I’m going to focus on engaging men in prevention in intersectional ways.
The context
I want to start with some brief comments on the context for this discussion.
I focus on men’s violence against women – on the various forms of violence and abuse to which women are subjected by men, including domestic, family, and partner violence, sexual violence, sexual harassment, and other forms of violence and abuse.
I focus on the primary prevention of this violence, that is, on efforts to prevent initial perpetration and victimisation, and more widely, to change the drivers, determinants, or causes of this violence – I’m thinking here, particularly, of systemic gender inequalities, inequitable power relations, constructions of masculinity and femininity, and male peer relations.
And within this, I am focused particularly on how to engage men in prevention. In the violence prevention field, there is an increasingly visible emphasis on how to engage men – not only men as perpetrators, but men as bystanders to other men’s violence and violence-supportive attitudes and behaviours.
I have written widely on men’s roles in ending violence against women and in building gender equality. I’m going to take for granted, although in some contexts we cannot, that work with men must be feminist. It must be guided by a feminist agenda and have feminist content. It must be done in partnership with, and be accountable to, women and women’s groups.
Today, however, I want to explore how work with men, like all violence and crime prevention work, must also be intersectional.

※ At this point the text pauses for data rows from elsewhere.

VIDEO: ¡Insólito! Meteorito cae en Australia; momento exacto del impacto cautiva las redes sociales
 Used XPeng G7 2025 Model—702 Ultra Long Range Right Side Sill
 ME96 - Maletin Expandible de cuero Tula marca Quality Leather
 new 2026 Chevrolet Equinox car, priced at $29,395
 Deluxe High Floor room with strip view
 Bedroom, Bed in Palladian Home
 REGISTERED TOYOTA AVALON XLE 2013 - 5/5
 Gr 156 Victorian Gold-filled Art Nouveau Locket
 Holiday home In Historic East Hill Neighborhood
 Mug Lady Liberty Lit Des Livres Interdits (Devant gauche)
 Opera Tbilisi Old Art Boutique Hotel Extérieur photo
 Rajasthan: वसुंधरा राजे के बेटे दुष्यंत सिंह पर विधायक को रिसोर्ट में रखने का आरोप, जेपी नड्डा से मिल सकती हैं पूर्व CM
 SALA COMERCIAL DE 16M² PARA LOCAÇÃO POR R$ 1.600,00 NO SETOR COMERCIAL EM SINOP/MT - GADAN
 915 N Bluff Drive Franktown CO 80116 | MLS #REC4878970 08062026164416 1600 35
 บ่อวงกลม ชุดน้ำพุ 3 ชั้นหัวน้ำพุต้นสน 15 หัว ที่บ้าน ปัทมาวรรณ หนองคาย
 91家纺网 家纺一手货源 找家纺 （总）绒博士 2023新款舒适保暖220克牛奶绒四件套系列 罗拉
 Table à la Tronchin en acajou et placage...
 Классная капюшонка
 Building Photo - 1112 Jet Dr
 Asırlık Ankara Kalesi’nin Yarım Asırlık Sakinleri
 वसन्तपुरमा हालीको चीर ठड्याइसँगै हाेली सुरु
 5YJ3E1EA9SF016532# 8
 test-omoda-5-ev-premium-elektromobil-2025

An intersectional analysis of men and masculinities
Here is a lightning-quick account of an intersectional analysis of men and masculinities.
An intersectional feminist approach rests on the fundamental insight that gender intersects with ethnicity, sexuality, class, age, and other forms of social difference and social inequality.
So we can apply this intersectional feminist approach to men. This leads to three insights.
(1) Men’s lives (like women’s) are structured not only by gender but by various other forms or axes of social division and difference such as race and ethnicity, class, and sexuality.
(2) Dominant images of masculinity involve a white masculinity.
The dominant image of masculinity with which we in Australia are presented, is of a white masculinity. Popular culture places the lives of white, Anglo men at centre stage, while those of other men are marginalised or made invisible.
(3) Men in different social locations have differential access to social resources and social status.
Gendered power is intersected for example by race power and class power. Men share very unequally in the fruits of patriarchy. Any particular group of men will be privileged on some axes of inequality (including gender), and may be disadvantaged on others. Thus, particular groups of men may be both oppressed and oppressing, for example in oppressive relations with women.
An intersectional approach to men’s violence against women
So let’s move to an intersectional approach to men’s violence against women
Focusing on men, and focusing particularly on race and ethnicity rather than other forms of social difference, here are three ways that intersections of gender and ethnicity shape men’s relationships to violence against women.
(1) Men’s violence-supportive attitudes are shaped by gender, ethnicity, and other factors.
We know that community attitudes towards violence against women are shaped above all by gender. The strongest predictors for holding violence-supportive attitudes are being male, and having low levels of support for gender equality.
But, attitudes also are shaped by ethnicity. Attitudes towards some aspects of men’s violence against women are poorer in some CALD communities than in Australia overall.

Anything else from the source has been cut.